▶ **Work required**: Your answer should hold exactly the lines below from the line with "Glückliches Nahöstliches Paar, Das" through the line with "Cheerful business lady", both included, and no pictures at all.

▶ **Data for this exercise**:
....

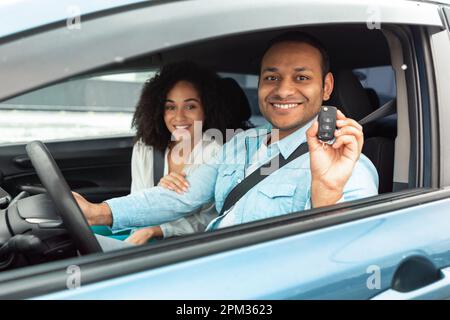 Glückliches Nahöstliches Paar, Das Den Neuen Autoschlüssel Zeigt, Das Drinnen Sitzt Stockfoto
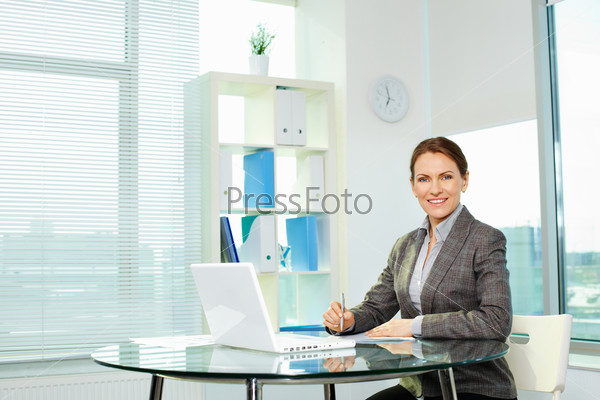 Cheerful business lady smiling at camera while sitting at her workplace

....

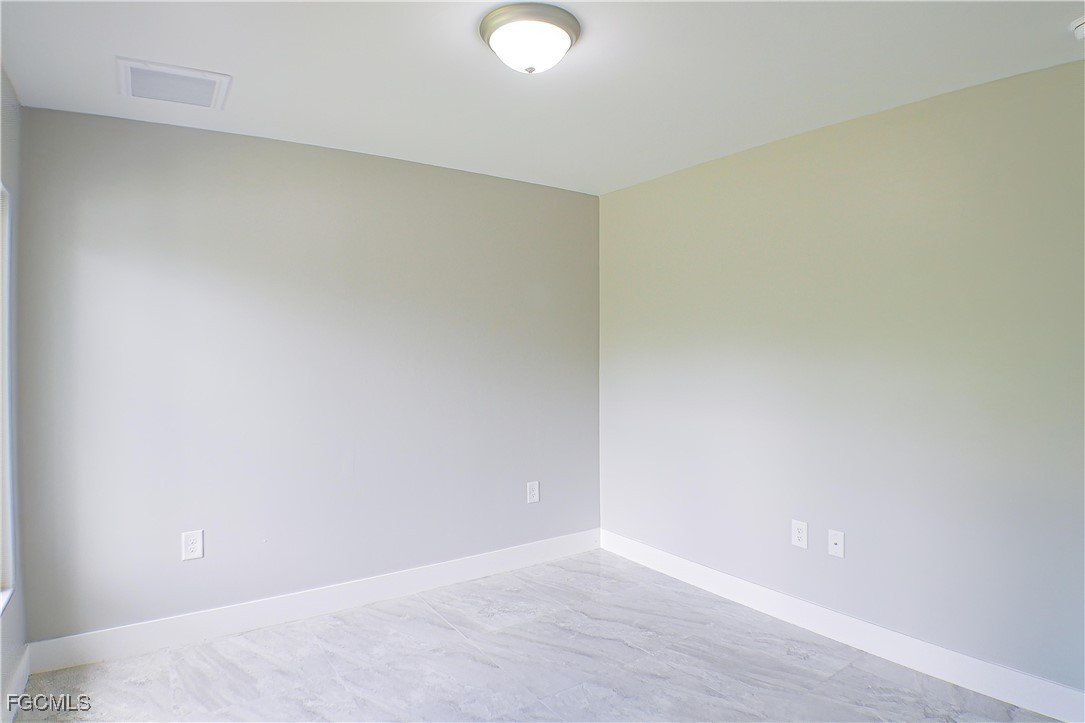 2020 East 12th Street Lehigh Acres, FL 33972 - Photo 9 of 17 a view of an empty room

....

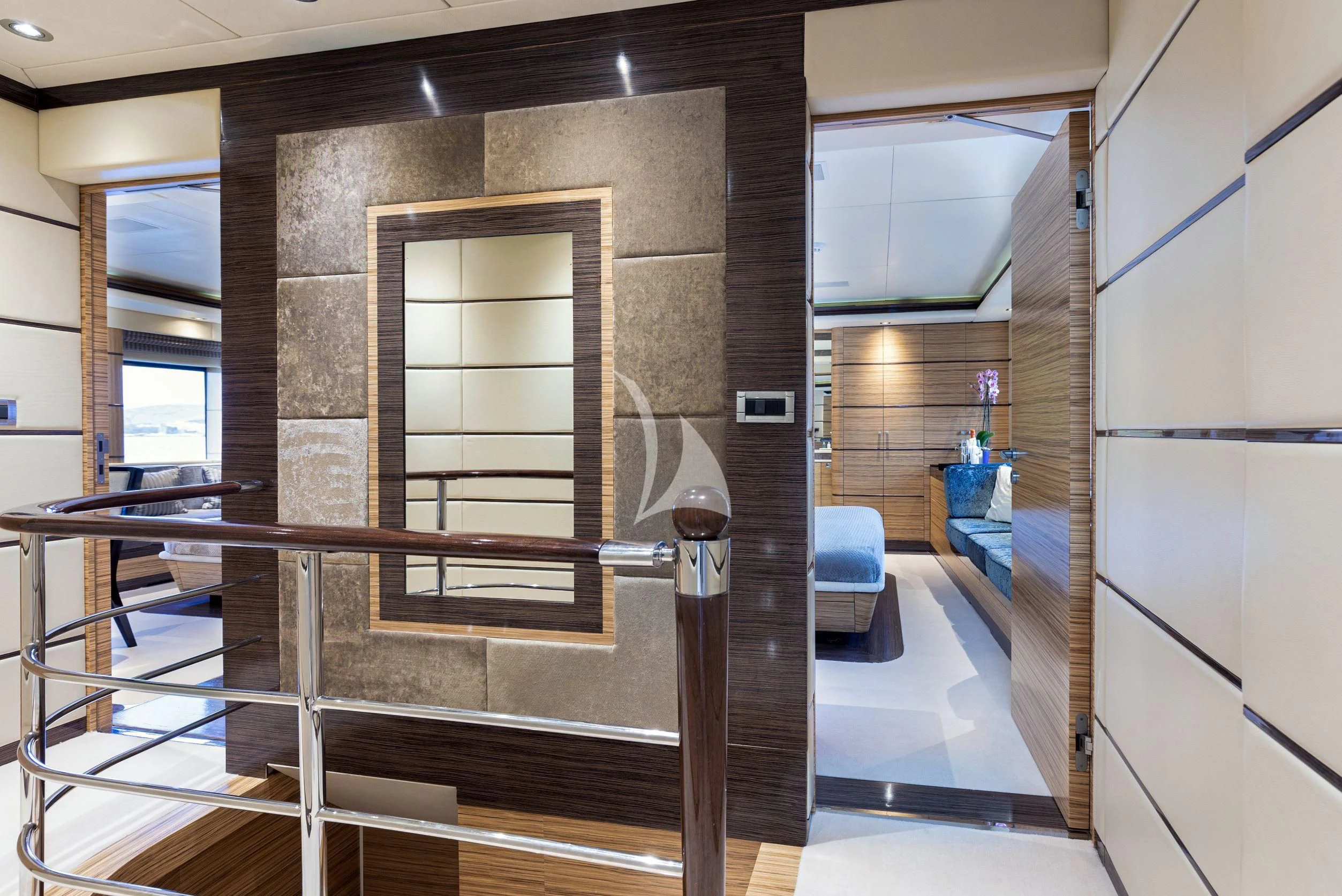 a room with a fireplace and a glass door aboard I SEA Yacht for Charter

....

▶ **Task response**:
 Glückliches Nahöstliches Paar, Das Den Neuen Autoschlüssel Zeigt, Das Drinnen Sitzt Stockfoto
 Cheerful business lady smiling at camera while sitting at her workplace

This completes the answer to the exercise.